INPUT DATA »
-- -- --
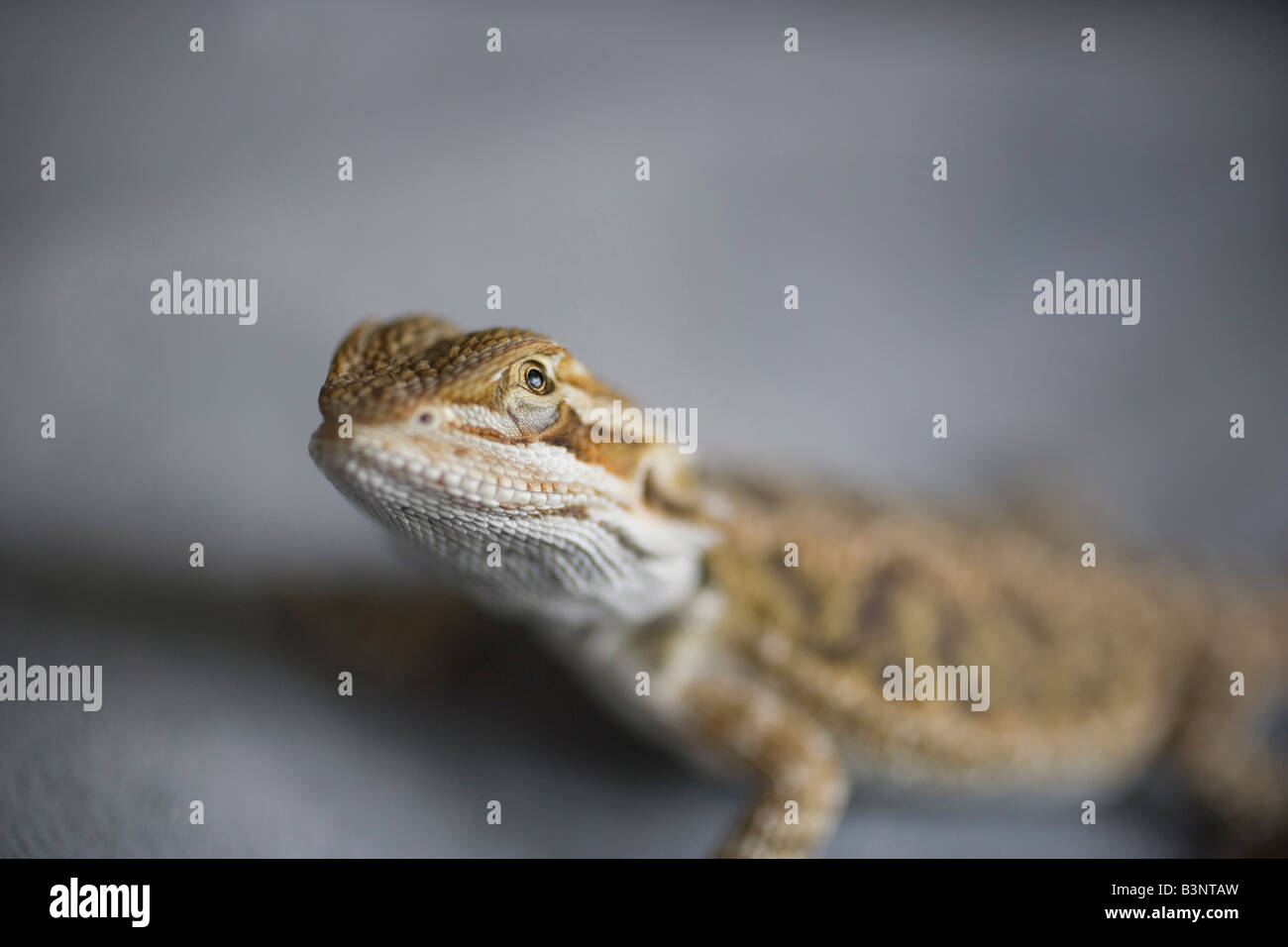 Dragon Barbudo Bebe Fotos E Imagenes De Stock Alamy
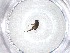  ( - CBG-A52811-H09)  @11 [ ] CreativeCommons - Attribution Share - Alike (2024) Centre for Biodiversity Genomics Centre for Biodiversity Genomics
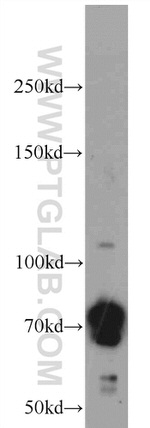 NWD1 Antibody in Western Blot (WB)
-- -- --
EXERCISE REQUIREMENTS » Give the listing above again in its entirety, exactly as written and free of images.

RESULT OF THIS TASK »
 Dragon Barbudo Bebe Fotos E Imagenes De Stock Alamy
  ( - CBG-A52811-H09)  @11 [ ] CreativeCommons - Attribution Share - Alike (2024) Centre for Biodiversity Genomics Centre for Biodiversity Genomics
 NWD1 Antibody in Western Blot (WB)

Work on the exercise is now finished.